Appeal by plaintiff from two judgments of the Supreme Court, Suffolk County, entered February 7, 1966 and February 15, 1966, respectively, both in favor of defendants upon a jury verdict.
Christ, Acting P. J., Brennan and Martuscello, JJ., concur; Rabin and Benjamin, JJ., concur and dissent.
In our opinion, the evidence presented questions of fact as to the individual defendant's negligence and plaintiff's contributory negligence which were properly submitted to the jury. The verdict of the jury is adequately supported by the evidence and the reasonable inferences to be drawn therefrom. While the attempted impeachment of plaintiff's witness McWeeney was unfair and improper, under the circumstances herein it did not constitute error requiring reversal.

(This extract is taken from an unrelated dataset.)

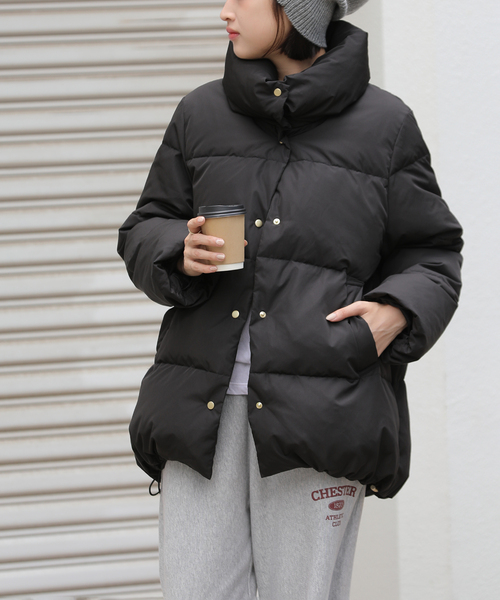 JOURNAL STANDARD relume（ジャーナルスタンダード レリューム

Appeal from judgment of February 7, 1966 dismissed as academic. That judgment was amended and superseded by the judgment entered February 15, 1966. Judgment of February 15, 1966 affirmed. One bill of costs is allowed to respondents to cover both appeals.
Rabin and Benjamin, JJ., concur in the dismissal of the appeal from the judgment of February 7, 1966, but otherwise dissent and vote to reverse the judgment of February 15, 1966 and to grant a new trial, with the following memorandum:
Plaintiff is the owner and operator of a Texaco service station. Defendant Texaco, Inc., furnishes gasoline to plaintiff's station. Defendant Durney is the driver of one of Texaco's gasoline trucks. These trucks have swinging doors on the side which are opened by "T" handles; when not in use, these handles rest against the side of the truck, in recessed wells in the doors; when in use, they stick out from the door at a right angle, protruding, according to plaintiff's proof, from 3 to 6 inches. On the day of the accident, a Texaco truck, driven by Durney, delivered gasoline to plaintiff's station. When the delivery was completed, Durney started to drive the truck out of the station. While doing so, he passed by a gasoline pump where plaintiff was putting gasoline into a customer's car, with his back to Durney's truck. It is undisputed that the "T" handle on the truck was not flush against the truck, in the recessed well provided for it, but instead was sticking out at a right-angle; and it is also undisputed that as the truck passed by plaintiff the "T" handle caught the seat of his pants and threw him against the rear wheel of the truck. On this record, it is our opinion that the verdict for defendants was against the weight of evidence. It should be reversed and a new trial granted.